That AT&T building is quite ghastly. It's like they took the Nestle Building at Yonge & Sheppard and merged it with a couple of those Tridel Triomphe Buildings near Yonge & Finch, put a tunnel portal on top as a hat, then added a pair of 150 ft mini concrete Sears Towers to the top making it look like the worlds tallest field goal posts.

LOL, that is the most delicate description I've ever read. ;)
 
Or you can just face the fact that my opinion is that the blue dome is hideous, and this Sheraton (which is actually only 5 years its junior in design) has a much more refined, appropriate rotating space-ship restaurant.

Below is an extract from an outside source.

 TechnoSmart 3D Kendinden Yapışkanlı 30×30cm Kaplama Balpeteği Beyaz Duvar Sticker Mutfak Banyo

Huh? "Refined"? "Appropriate"? It may be your opinion and you're sticking by it, but it sounds to me like you're redefining well-meaning Sunday-painter amateur architectural judgment on behalf of (as opposed to, er, "opposed to") 60s/70s modernism. Look: at least in symbolic terms, we're talking about boring here. We're at the cusp of when Brutalist-hotels-with-revolving-restaurants-and-perhaps-big-atriums became a banal 70s cliche (cf. Harbour Castle, et al--though Harbour Castle hasn't the atrium). Give me that so-called blue-domed hideousness anyday. I mean, I can appreciate the Sheraton Nashville as a local landmark and in general revisionist terms re 70s "hotel modernism" (and if anyone's prone to spearheading such revisionism, it's myself). But not in your bass-ackward terms. Next to your dreaded blue dome, this is but a formulaic footnote--"refined" to a fault (thus my corporate-rock metaphor). I may be open to an architectural big tent, but in terms of historical posterity, I'm a realist. (Though on behalf of the Sheraton Nashville, at least its architectural vocabulary doesn't have that dumb-yokels-grappling-with-this-here-Modern-style quality of Memphis' UP Bank, or New Orleans' Plaza Tower, i.e. it'd be "credible" virtually anywhere else in the US or Canada. Though one whose prone to decrying architectural faceless/placelessness might argue that's its *problem*--and that of 70s modernism in general--as well.)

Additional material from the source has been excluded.